Australian doctors “failing in their duty of care” regarding Lyme Disease

Written by Vanessa Almond (5 May 2011, Coffs Coast Independent News)
FOR Coffs coast mum Natalie Young, her ongoing battle with Lyme disease is nothing compared to the battle she has faced trying to get Australian doctors and medical authorities to acknowledge that the illness is even present in this country, let alone that it is affecting many Australians.

The current factsheet on Lyme disease on the NSW Health website – dated July 2010, yet apparently based on research more than a decade old – states that “Ticks with (Lyme disease causing) Borrelia infection live in temperate forested areas of northern Asia, Europe and the United States.

“In the 1990s, 12,000 ticks were collected from different parts of NSW and were tested for Borrelia bacteria. No evidence of Borrelia infection could be found in any of the ticks collected”.

Yet a report published by the Sydney Morning Herald as early as 1995 quoted associate professor of microbiology at Newcastle University, Richard Barry, as saying he had documented 66 cases of Lyme disease.

“That is probably the tip of the iceberg. If we have found 66, there could be 6000,” Professor Barry said at the time, adding that he believed the disease “existed along the entire Australian east coast in an indigenous strain that differed slightly from the overseas version.”

Suffering “hundreds” of tick bites during her active and rewarding career with the National Parks and Wildlife Service, the once outdoorsy and active young mum these days struggles just to get through each day.

Suffering chronic pain and exhaustion along with fever, headaches, damage to her nerves, head, shoulders and throat, Ms Young said she was at one stage near-death from the infection.

Yet despite a 10-year battle with the disease and several positive Lyme disease diagnoses from world-eminent doctors, she is yet to see any acceptance from the Australian medical community, which she said is causing other sufferers of the disease to go undiagnosed and untreated.

After travelling to the United States to consult with specialists in tick-borne diseases in January, Ms Young said that the American doctors accused the Australian medical profession of “having its head in the sand”, finding the treatment she had received “laughable” and saying that Australian doctors were “failing in their duty of care”.

“To meet the American specialists in this field was such a relief. They knew immediately how to treat the infection and also diagnosed a further infection which was complicating the condition,” Ms Young said.

“Because the Australian medical community is in denial about Lyme disease, local doctors do not have access to the best and most up-to-date tests and treatments for this condition.

“For example, I was given steroids early on in my illness, which is apparently almost the worst thing that can be done for a Lyme disease patient. Plus, the only tests for Lyme disease available to Australian doctors are known as the ‘ELISA’ test and serial Western Blot sampling, which are proven to be inconclusive at best.”

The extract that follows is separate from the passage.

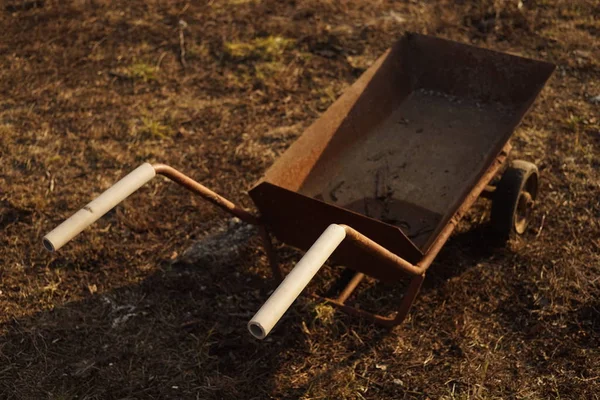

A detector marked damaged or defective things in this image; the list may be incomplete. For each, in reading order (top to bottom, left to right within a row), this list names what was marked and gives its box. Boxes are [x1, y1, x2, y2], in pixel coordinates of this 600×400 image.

rusty metal wheelbarrow [44, 34, 556, 340]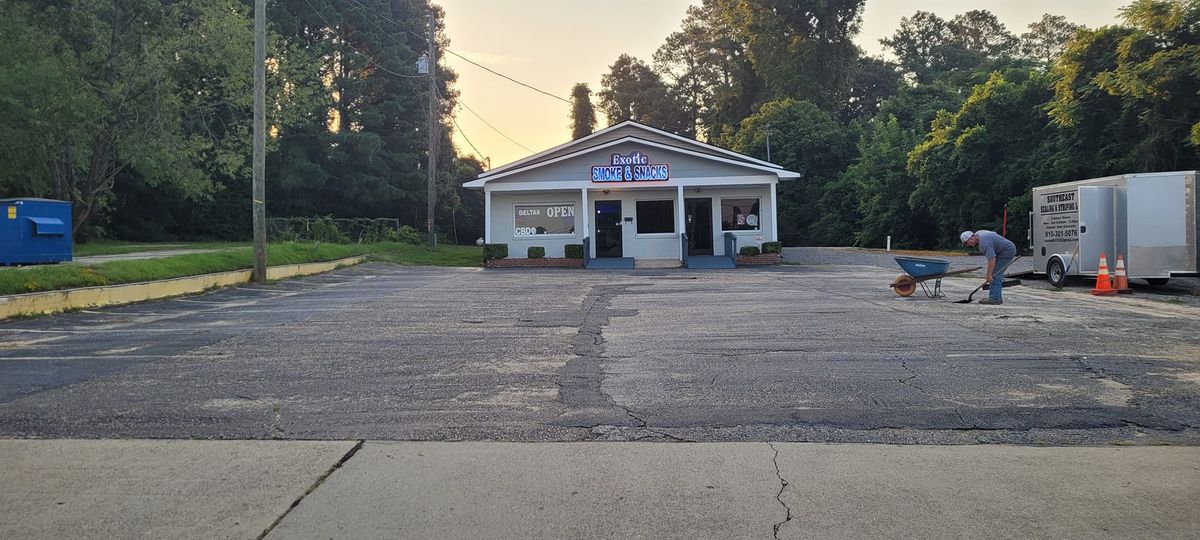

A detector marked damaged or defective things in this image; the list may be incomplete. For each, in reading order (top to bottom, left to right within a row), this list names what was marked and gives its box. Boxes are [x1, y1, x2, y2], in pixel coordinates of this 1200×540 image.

crack in asphalt [772, 444, 792, 540]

According to the International Lyme And Associated Diseases Society (ILADS), the ELISA screening test misses 35 per cent of culture proven Lyme disease, and, of patients with acute culture-proven Lyme disease, 20-30 percent test negative on serial Western Blot sampling as antibodies appear to decline over time.

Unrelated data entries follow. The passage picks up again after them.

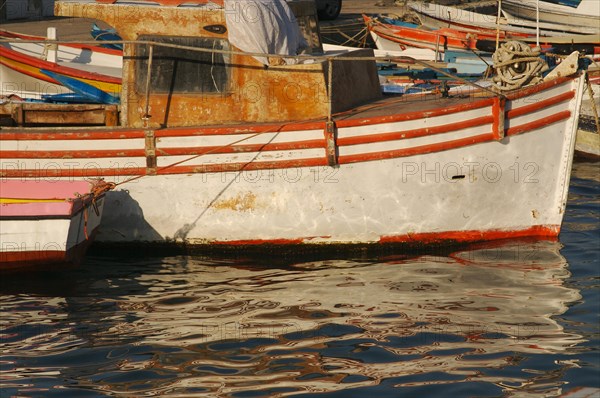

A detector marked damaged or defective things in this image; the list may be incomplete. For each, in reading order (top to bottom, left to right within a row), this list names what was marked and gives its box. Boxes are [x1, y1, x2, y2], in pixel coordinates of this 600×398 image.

rust stain [212, 192, 256, 211]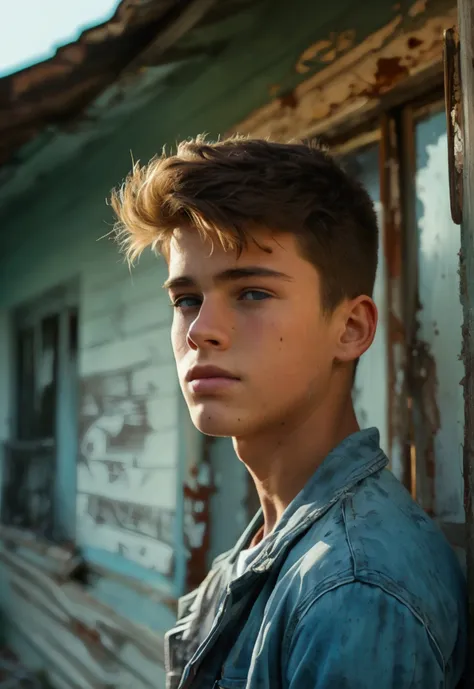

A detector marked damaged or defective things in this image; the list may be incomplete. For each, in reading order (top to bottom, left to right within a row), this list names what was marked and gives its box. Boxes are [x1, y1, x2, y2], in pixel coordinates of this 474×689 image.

rusted metal panel [235, 0, 458, 142]
peeling paint wall [414, 110, 462, 520]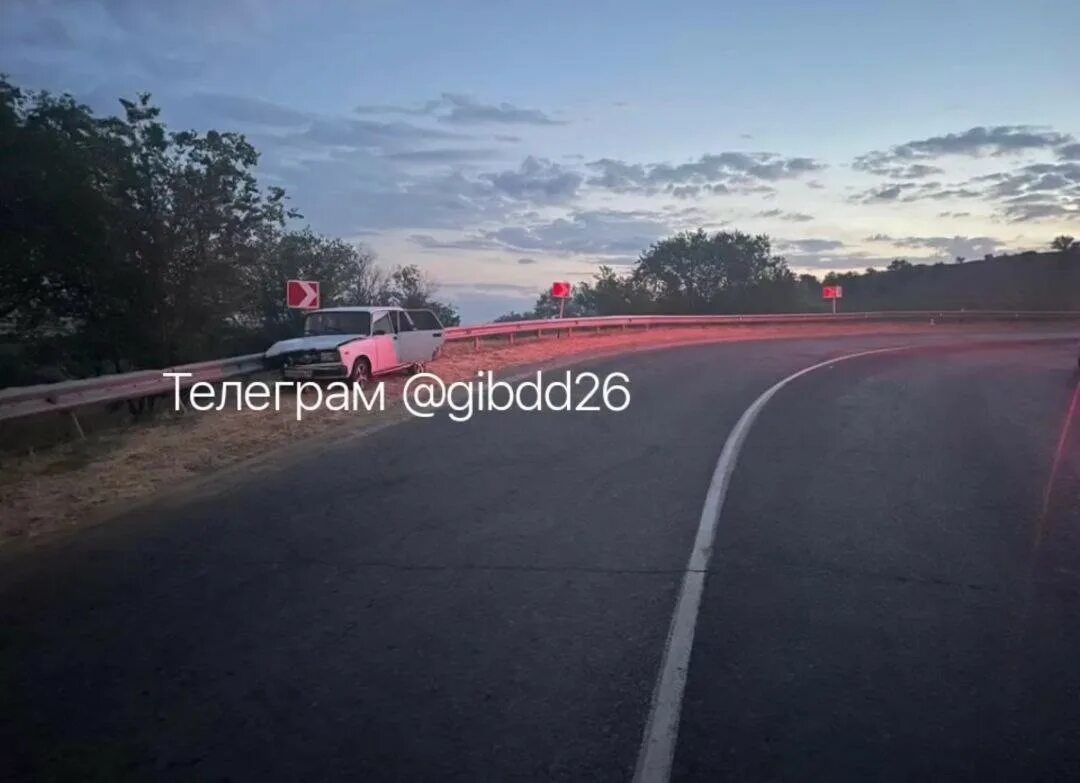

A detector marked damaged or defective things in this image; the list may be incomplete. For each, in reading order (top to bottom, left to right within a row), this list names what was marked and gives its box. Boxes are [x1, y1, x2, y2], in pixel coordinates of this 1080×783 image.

“Of all dozen or so Australian doctors I consulted, the only one who was able to help me was (Port Macquarie-based) Dr Peter Mayne, who is himself treating many
patients with Lyme disease and fighting the establishment for recognition of the presence of the illness in Australia. Meeting Dr Mayne saved my life,” Ms Young said.

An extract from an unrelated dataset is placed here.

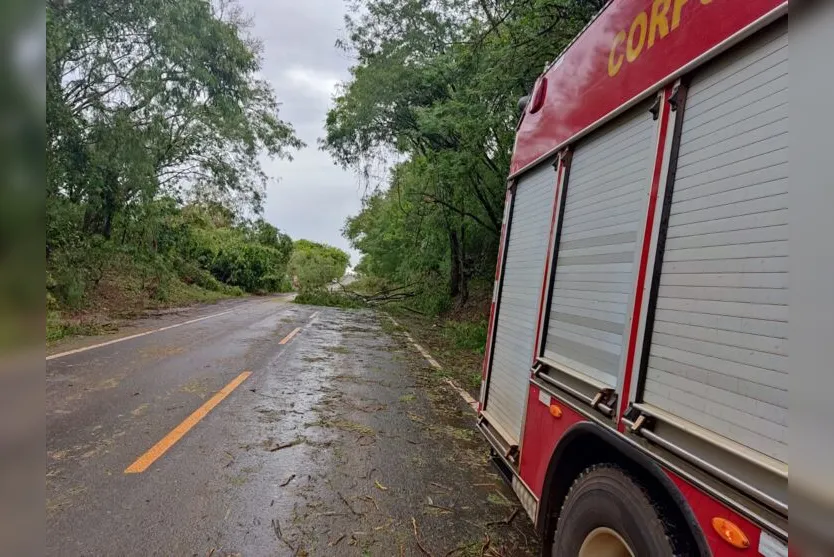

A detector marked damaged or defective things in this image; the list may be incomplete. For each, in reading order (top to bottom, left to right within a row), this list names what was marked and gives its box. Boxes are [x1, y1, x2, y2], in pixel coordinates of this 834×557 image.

Fellow Australian sufferers also include Ms Young’s own daughter Matilda, four, who has had the disease since birth, which is, said Ms Young, proof that the illness is also transmitted in-utero. It was concern for Matilda’s declining health that finally pushed the exhausted mum to seek medical assistance overseas.

Despite costs of more than $40,000 for the trip to America, Ms Young, who, along with Matilda, was immediately started on new treatments by her US doctors costing around $1200 per month to maintain, said she will not give up.

“I did this for my daughter,” she said. “She should not have to go through this. Nobody should. The saddest part is that Matilda doesn’t really know how I really am. I used to love life and I was extremely active. Surfing was my passion and I dreamt of teaching Matilda to surf and of us going on surfing safaris together. Now I just don’t know what the future holds.

“I just want the Australian medical profession to take notice and to accept that this Lyme disease is real, it’s here and we need to fight it to end needless suffering.”